Внучкин подает ему тетрадь. Окружный перелистывает.
— Почему не Фома Панютин попал?
— Не могу знать: так жеребий вышел.
— Я тебе покажу жеребий, свинья. Не Илья Степанов попал, а Фома Панютин.
— На другой странице объяснение есть…
— Я тебе покажу объяснение… — Перевертывает окружный лист, там лежит кредитный билет.
— Свинья! — скажет окружный и улыбнется. — А как ты думаешь, Внучкин: можно пощупать старшину?
— Можно-с.
— Ну-ко, как?
— По постройке плотин-с.
Или вдруг получает Внучкин бумагу, которая требует объяснения по чему-нибудь. Идет Внучкин к старшине, Проворит: так и так, лесничий донес, что крестьяне много лесу рубят, а ты сколько дерев-то сплавил? Поди, не одну сотни зашиб.
— Да ведь сам лесничий рубит тоже.
— А вот теперь крестьяне на тебя жалуются, и потянут нас с тобой.
Даст старшина сто рублей писарю и пошлет его к окружному да лесничему, те и возьмут деньги, да еще чаем напоят Внучкина.
Даже сам управляющий палаты имуществ отзывался, что лучше Петровской волости во всей губернии ни одной нет, и выхлопотал Внучкину медаль за усердие. И до сих бы пор Внучкин царствовал в селе, да черт сунул в село ревизора из Питера. Ревизор, как ревизор, был человек строгий, казался соблюдающим интересы крестьян. Еще до приезда его в село было известно, что управляющий палаты подал в отставку, а окружный предан суду. По ревизии ревизор ничего не нашел худого в волости, да крестьяне попросили ревизора сменить начальство.
— Почему сменить? у них все исправно, — сказав ревизор.

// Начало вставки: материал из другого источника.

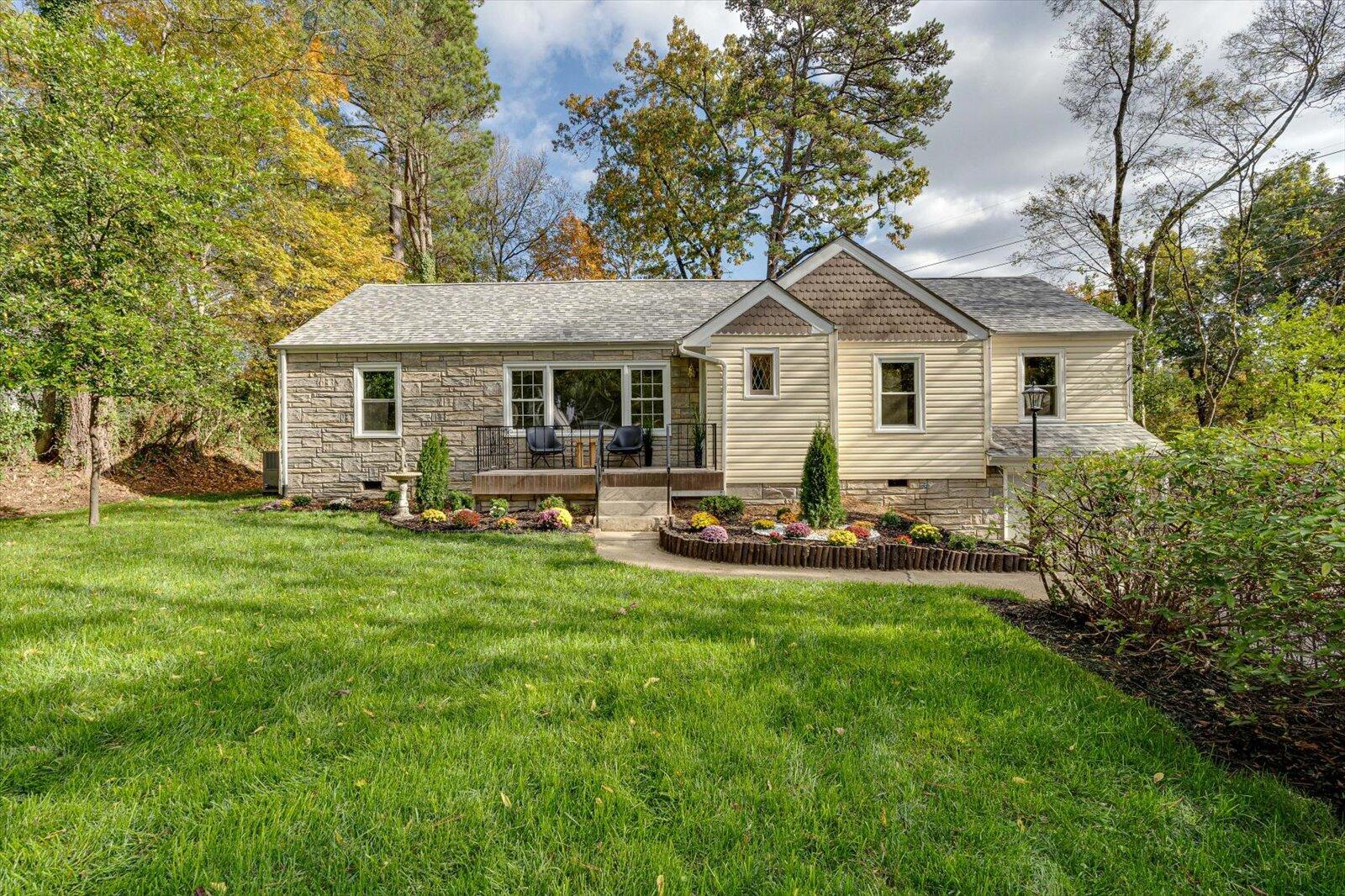 220 Hemphill Avenue, Chattanooga, Tennessee image 3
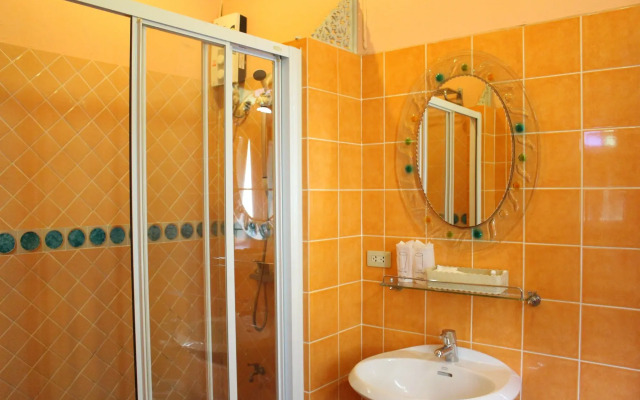 Samsensam Place Hotel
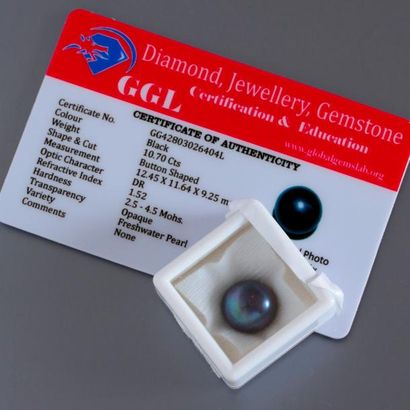 null Perle de culture "bouton" couleur grise, certifiée par le laboratoire GGL, poids...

— Они, ваше превосходительство, всегда всем недовольны, — сказал Внучкин.
Все бы ладно, да черт подсунул Внучкина предложить ревизору пакет.
— Это что? — закричал ревизор.
— Благодарность от крестьян.
— А! — сказал ревизор, пакета не взял и уехал, а через месяц из палаты имуществ получилась бумага: назначить из волости нового писаря.
Однако нового писаря не избрали. Внучкин подписывался: Власов — и исправлял свое дело до тех пор, пока не донес на Внучкина становой. Затребовали из волости объяснение, потом потребовали в палату Внучкина. Внучкин объяснил, что он уже год как не состоит на должности, и подал рапорт Петровского сельского общества об избрании его сельским заседателем.
Дело, конечно, не обошлось без денег, и Внучкина выбрали сельским заседателем, но в этом звании он пробыл только месяц. Позвали его в земской суд, он вошел в присутствие.
— Что тебе надо?
— Я сельский заседатель. Меня звали.
— Можешь в прихожей сидеть.
— По закону я должен в присутствии быть.
— Ax ты, негодяй! Он еще говорит! Пошел вон и жди, когда дадут тебе подписать бумагу.
— А не пойду.
И Внучкина скоро уволили с тем, чтобы впредь ни на какие должности не определять.
Думал-думал Внучкин: чем бы ему заняться? На должности не определяют; торговлей заняться — невыгодно, да и как-то постыдно после такой должности торговать: «Еще будут говорить, что я на воровские деньги торгую». А капиталу у него накоплено немного.
В марте месяце приехал к нему приказчик из какого-то завода за наймом бурлаков. Разговорились о том, что ныне трудно жить честно; каждый рассказывал разные приделки начальства.